Source records
-------
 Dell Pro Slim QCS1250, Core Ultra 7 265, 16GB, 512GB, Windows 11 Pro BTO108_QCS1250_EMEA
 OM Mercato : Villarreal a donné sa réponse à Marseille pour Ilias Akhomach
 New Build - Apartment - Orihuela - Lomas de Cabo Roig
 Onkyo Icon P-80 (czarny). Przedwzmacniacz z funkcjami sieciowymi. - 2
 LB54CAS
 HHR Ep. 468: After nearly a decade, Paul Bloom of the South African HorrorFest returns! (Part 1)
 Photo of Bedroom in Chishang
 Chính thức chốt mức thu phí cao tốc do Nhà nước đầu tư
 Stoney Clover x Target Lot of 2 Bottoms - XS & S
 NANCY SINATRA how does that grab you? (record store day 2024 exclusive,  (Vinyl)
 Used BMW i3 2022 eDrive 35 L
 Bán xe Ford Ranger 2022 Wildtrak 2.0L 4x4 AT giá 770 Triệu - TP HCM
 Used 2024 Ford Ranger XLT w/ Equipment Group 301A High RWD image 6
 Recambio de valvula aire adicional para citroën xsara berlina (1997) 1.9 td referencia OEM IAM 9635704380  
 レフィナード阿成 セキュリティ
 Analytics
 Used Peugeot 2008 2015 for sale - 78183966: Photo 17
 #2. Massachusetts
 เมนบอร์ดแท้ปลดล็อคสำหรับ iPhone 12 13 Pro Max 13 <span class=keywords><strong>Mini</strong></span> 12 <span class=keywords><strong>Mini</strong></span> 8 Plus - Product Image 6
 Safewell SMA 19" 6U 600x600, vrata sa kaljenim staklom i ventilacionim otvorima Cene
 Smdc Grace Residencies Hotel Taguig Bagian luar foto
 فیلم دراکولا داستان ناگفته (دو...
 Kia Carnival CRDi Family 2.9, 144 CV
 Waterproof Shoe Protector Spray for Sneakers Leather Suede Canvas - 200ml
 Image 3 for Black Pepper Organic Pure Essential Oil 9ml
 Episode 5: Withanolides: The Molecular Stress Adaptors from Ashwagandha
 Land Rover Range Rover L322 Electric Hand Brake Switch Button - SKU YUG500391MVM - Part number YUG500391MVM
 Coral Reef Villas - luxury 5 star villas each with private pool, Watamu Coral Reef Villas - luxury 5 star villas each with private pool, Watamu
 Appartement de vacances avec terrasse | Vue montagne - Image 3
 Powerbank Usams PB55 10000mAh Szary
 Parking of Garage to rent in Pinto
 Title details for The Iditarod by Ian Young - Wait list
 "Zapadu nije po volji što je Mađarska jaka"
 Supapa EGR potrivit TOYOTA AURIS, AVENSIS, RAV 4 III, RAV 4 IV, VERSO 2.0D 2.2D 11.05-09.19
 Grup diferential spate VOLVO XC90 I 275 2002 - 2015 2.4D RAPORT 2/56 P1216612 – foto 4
-------
Write every record out again exactly.

 Dell Pro Slim QCS1250, Core Ultra 7 265, 16GB, 512GB, Windows 11 Pro BTO108_QCS1250_EMEA
 OM Mercato : Villarreal a donné sa réponse à Marseille pour Ilias Akhomach
 New Build - Apartment - Orihuela - Lomas de Cabo Roig
 Onkyo Icon P-80 (czarny). Przedwzmacniacz z funkcjami sieciowymi. - 2
 LB54CAS
 HHR Ep. 468: After nearly a decade, Paul Bloom of the South African HorrorFest returns! (Part 1)
 Photo of Bedroom in Chishang
 Chính thức chốt mức thu phí cao tốc do Nhà nước đầu tư
 Stoney Clover x Target Lot of 2 Bottoms - XS & S
 NANCY SINATRA how does that grab you? (record store day 2024 exclusive,  (Vinyl)
 Used BMW i3 2022 eDrive 35 L
 Bán xe Ford Ranger 2022 Wildtrak 2.0L 4x4 AT giá 770 Triệu - TP HCM
 Used 2024 Ford Ranger XLT w/ Equipment Group 301A High RWD image 6
 Recambio de valvula aire adicional para citroën xsara berlina (1997) 1.9 td referencia OEM IAM 9635704380  
 レフィナード阿成 セキュリティ
 Analytics
 Used Peugeot 2008 2015 for sale - 78183966: Photo 17
 #2. Massachusetts
 เมนบอร์ดแท้ปลดล็อคสำหรับ iPhone 12 13 Pro Max 13 <span class=keywords><strong>Mini</strong></span> 12 <span class=keywords><strong>Mini</strong></span> 8 Plus - Product Image 6
 Safewell SMA 19" 6U 600x600, vrata sa kaljenim staklom i ventilacionim otvorima Cene
 Smdc Grace Residencies Hotel Taguig Bagian luar foto
 فیلم دراکولا داستان ناگفته (دو...
 Kia Carnival CRDi Family 2.9, 144 CV
 Waterproof Shoe Protector Spray for Sneakers Leather Suede Canvas - 200ml
 Image 3 for Black Pepper Organic Pure Essential Oil 9ml
 Episode 5: Withanolides: The Molecular Stress Adaptors from Ashwagandha
 Land Rover Range Rover L322 Electric Hand Brake Switch Button - SKU YUG500391MVM - Part number YUG500391MVM
 Coral Reef Villas - luxury 5 star villas each with private pool, Watamu Coral Reef Villas - luxury 5 star villas each with private pool, Watamu
 Appartement de vacances avec terrasse | Vue montagne - Image 3
 Powerbank Usams PB55 10000mAh Szary
 Parking of Garage to rent in Pinto
 Title details for The Iditarod by Ian Young - Wait list
 "Zapadu nije po volji što je Mađarska jaka"
 Supapa EGR potrivit TOYOTA AURIS, AVENSIS, RAV 4 III, RAV 4 IV, VERSO 2.0D 2.2D 11.05-09.19
 Grup diferential spate VOLVO XC90 I 275 2002 - 2015 2.4D RAPORT 2/56 P1216612 – foto 4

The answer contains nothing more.